Bug 1576726

Summary: Get-state calling server_priv_to_dict with the client's value in xprt as NULL
Product: [Red Hat Storage] Red Hat Gluster Storage Reporter: hari gowtham <hgowtham>
Component: glusterdAssignee: Atin Mukherjee <amukherj>
Status: CLOSED WORKSFORME QA Contact: Bala Konda Reddy M <bmekala>
Severity: low Docs Contact:
Priority: unspecified    
Version: rhgs-3.4CC: amukherj, hgowtham, rhs-bugs, sankarshan, sheggodu, storage-qa-internal, vbellur
Target Milestone: ---Keywords: ZStream
Target Release: ---   
Hardware: Unspecified   
OS: Unspecified   
Whiteboard:
Fixed In Version: Doc Type: If docs needed, set a value
Doc Text:
Story Points: ---
Clone Of: Environment:
Last Closed: 2018-11-02 05:52:21 UTC Type: Bug
Regression: --- Mount Type: ---
Documentation: --- CRM:
Verified Versions: Category: ---
oVirt Team: --- RHEL 7.3 requirements from Atomic Host:
Cloudforms Team: --- Target Upstream Version:
Embargoed:

Description hari gowtham 2018-05-10 09:14:30 UTC
Description of problem:
The issue happens when we import the gluster cluster to tendrl. After importing the cluster, in an hour or two, the bricks used to crash one after the other.
The reason behind the crash was investigated and found that the get-state command causes the crash. (the crash was fixed with the bz https://bugzilla.redhat.com/show_bug.cgi?id=1572075) While doing the RCA it was found that the get-state while calling the server_priv_to_dict doesnt't have the  client values in the xprt filled.

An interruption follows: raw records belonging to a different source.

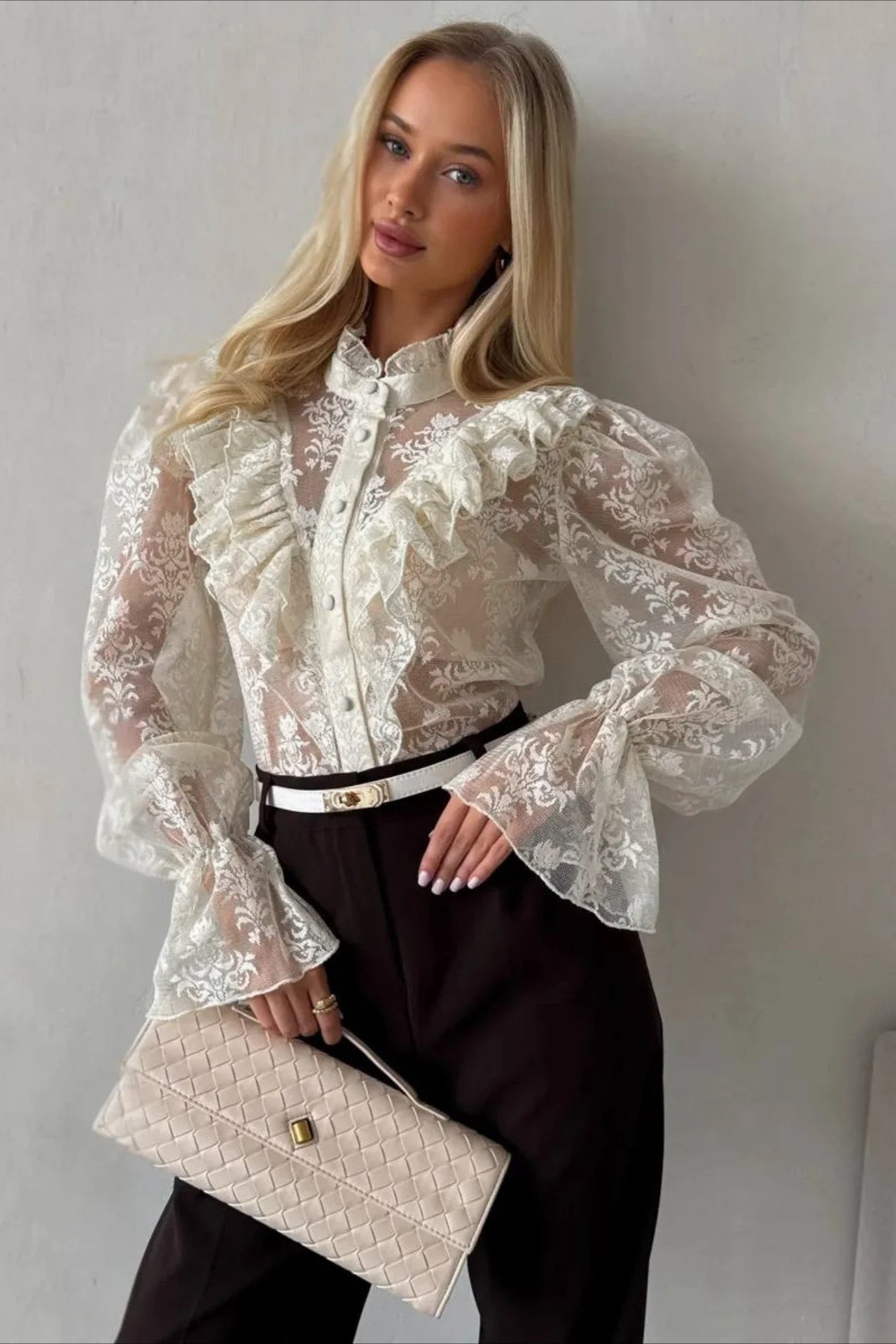 ZEYA - Valerie Ruffle Lace Sheer Blouse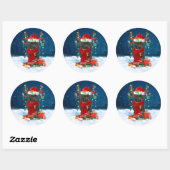 Staffordshire Bull Terrier in Snow met Kerstmis Ronde Sticker (Vel)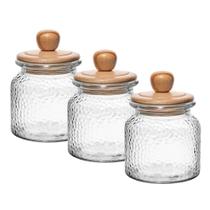 Kit 3 Porta Mantimento Pote de Vidro Martelado com Tampa de Bambu 640ml Wolff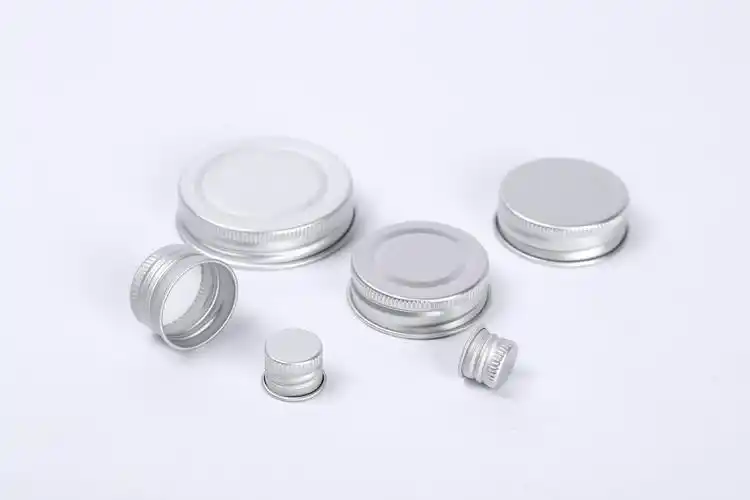 厂家定制化妆品铝盖银色圆形瓶盖压印logo电镀卷边螺纹氧化铝盖子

The reason why it was null has to be RCA and fixed.

Version-Release number of selected component (if applicable):
3.12.2

How reproducible:
not reproducible manually. happens only on importing the cluster to tendrl. Once imported, it happens atleast once in two hours on the cluster.

Steps to Reproduce:
1. Install and configure Gluster Cluster
  In my case 6 storage nodes and at least 7 spare disks for bricks peer node.
2. Create one or more volumes.
  In my case: volume_alpha_distrep_6x2[1] and prospectively
  volume_beta_arbiter_2_plus_1x2[2] and volume_gama_disperse_4_plus_2x2[3].
3. Install and configure RHGS WA (aka Tendrl).
4. Import Gluster cluster into RHGS WA.
5. Watch the status of volumes and bricks for a while.

Actual results:
things are working fine. (there might be something that might have broken and missed the observation. In this, might end up the tendrl WA to show wrong values.) 

Expected results:
Things are working fine.

Additional info:
The get-state is called a number of times by the tendrl. most of the times, it works fine. Once in a while this issue happens. (the previous crash mentioned in the bug was a result of this) Looks more like a race condition.

Comment 4 Atin Mukherjee 2018-10-31 12:02:58 UTC
Hari - is this still seen? Can you check with WA QE and see if we can replicate it? If not, ideally this bug needs to be closed.

Comment 5 hari gowtham 2018-10-31 12:32:53 UTC
It was consistently reproducible back when i worked on it. but we weren't able to find when it go through this path(the value is filled right most of the times and only a few times its NULL).

We got to know it was NULL because of the crash, without the crash, its not easy for the QA to find if this happens.

They will have to use GDB to see on that path which is hit often, and then for every hit they need to check if its NULL. which sounds impossible as the path is often crossed.

As they haven't seen any irregularities in the values that WA displays, I'm fine closing this bug.

It needs to be checked if we find the output of WA faulty. Which hasn't happened. 

If you feel its fine to be closed, I can close it. Do let me know your thoughts.

Comment 6 Atin Mukherjee 2018-11-02 05:52:21 UTC
Based on the justification available at comment 5, closing this bug.